Have we already started one of these threads and I just suck with the search tool? To Early?

Who's going? 

This guy is!


----------



## woahlookitsme (Aug 19, 2014)

I don't think we have started one yet but I will be there for sure!! All five days because I'm doing a lot with the tan club and even got recruited to help with check in


----------



## majorv (Aug 19, 2014)

For sure I'm going. Can't pass up the chance to show bunnies when it's soo close!


----------



## kmaben (Aug 22, 2014)

I'm so stoked! I'm pretty sure I have your number still. We'll meet up! I want to see all the rare breeds and new colors. Gonna be carrying around a month old too! He better get use to rabbits quick fast and in a hurry.


----------



## Khainon (Aug 23, 2014)

ugh i want to go..but due to current vet costs on my horses,itl have to wait..only show im doing this year it seems is the lancaster california show..mainly because its right across the street from me lol


----------



## Azerane (Aug 23, 2014)

woahlookitsme said:


> I don't think we have started one yet but I will be there for sure!! All five days because I'm doing a lot with the tan club and even got recruited to help with check in



Wish I could go just to see your tans


----------



## kmaben (Aug 23, 2014)

Azerane they're adorable little buggers! They have a lot of personality and that arch is so graceful. I'd love to spend the weekend in Dallas but a little afraid to with the baby. How can you go for just one day though?


----------



## kmaben (Aug 23, 2014)

Ohhh forgot to ask! Is petting allowed? I'm only familiar with dog shows. They allow petting and tolerate questions pretty well with permission of course. With so many fur types I predict itchy fingers. Are rabbit people pretty laid back at shows? Should I carry around a bunch of hand sanitizer?


----------



## woahlookitsme (Aug 27, 2014)

I'd say yes on the hand sanitizer because you have buns of your own and I wouldn't want any of them to catch things. People are usually pretty laid back. It's always nice to ask first if you see a breeder feeding and watering. I have your number so yes we should definitely hang out! I won't have too many there because we've started loosing babies for an unknown reason but I'm down to taking 10 right now. 

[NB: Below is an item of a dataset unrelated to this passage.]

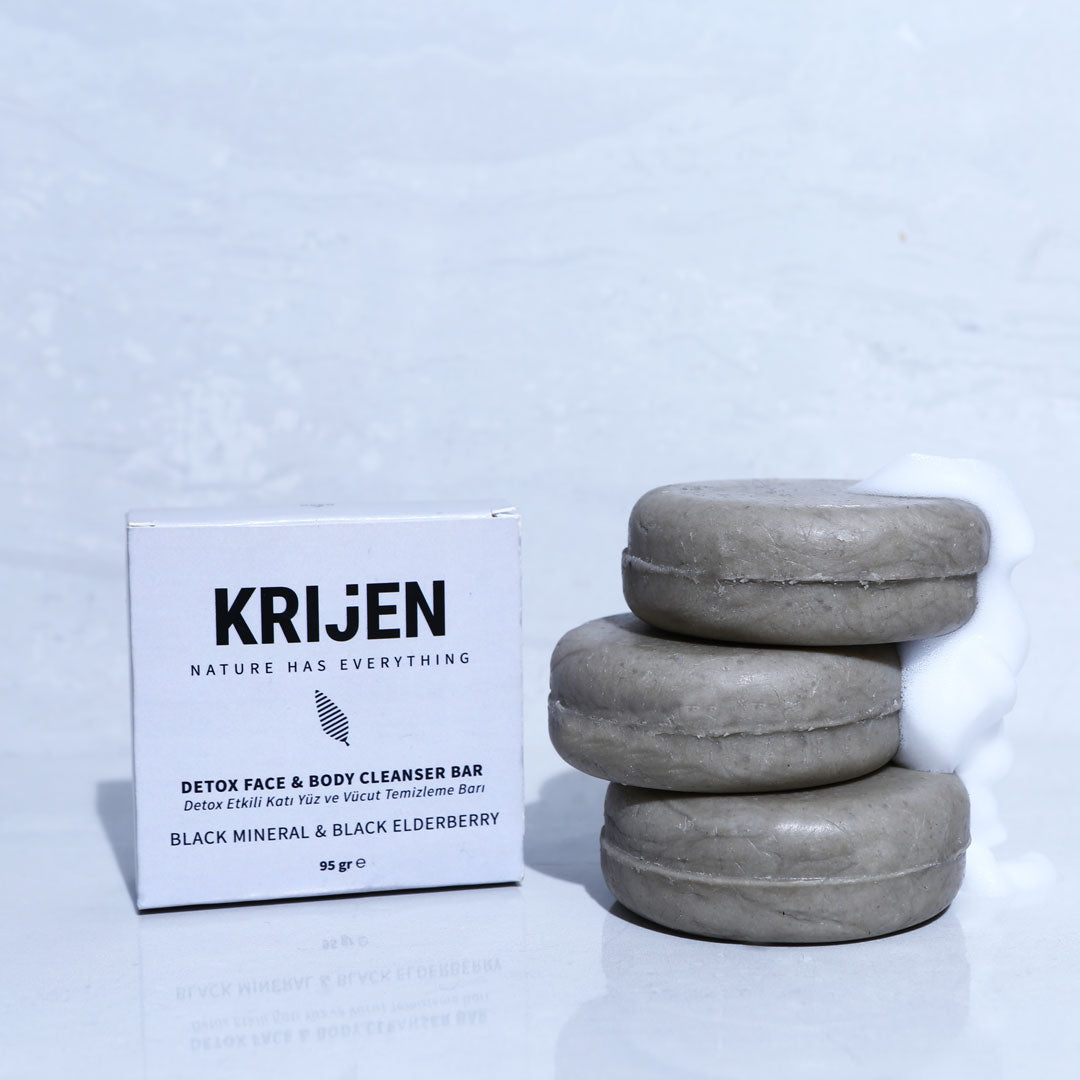 Detoxifying Black Mineral & Elderberry Face and Body Cleansing Bar 95 Gr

Btw I can't wait to meet your baby


----------



## MikeScone (Aug 28, 2014)

It was great to fly to the convention in Harrisburg last year. Looks like it's in Texas this year, and that's too far to fly. Maybe if it's closer to Cessna range next year...


----------



## majorv (Aug 28, 2014)

MikeScone said:


> It was great to fly to the convention in Harrisburg last year. Looks like it's in Texas this year, and that's too far to fly. Maybe if it's closer to Cessna range next year...


 
Sorry, next year it's in Portland Oregon...not really within Cessna range for you!


----------



## MikeScone (Aug 31, 2014)

majorv said:


> Sorry, next year it's in Portland Oregon...not really within Cessna range for you!



Hmph. Portland's even worse than Texas. Harrisburg was only a couple of hours away. Oh well, someday...


----------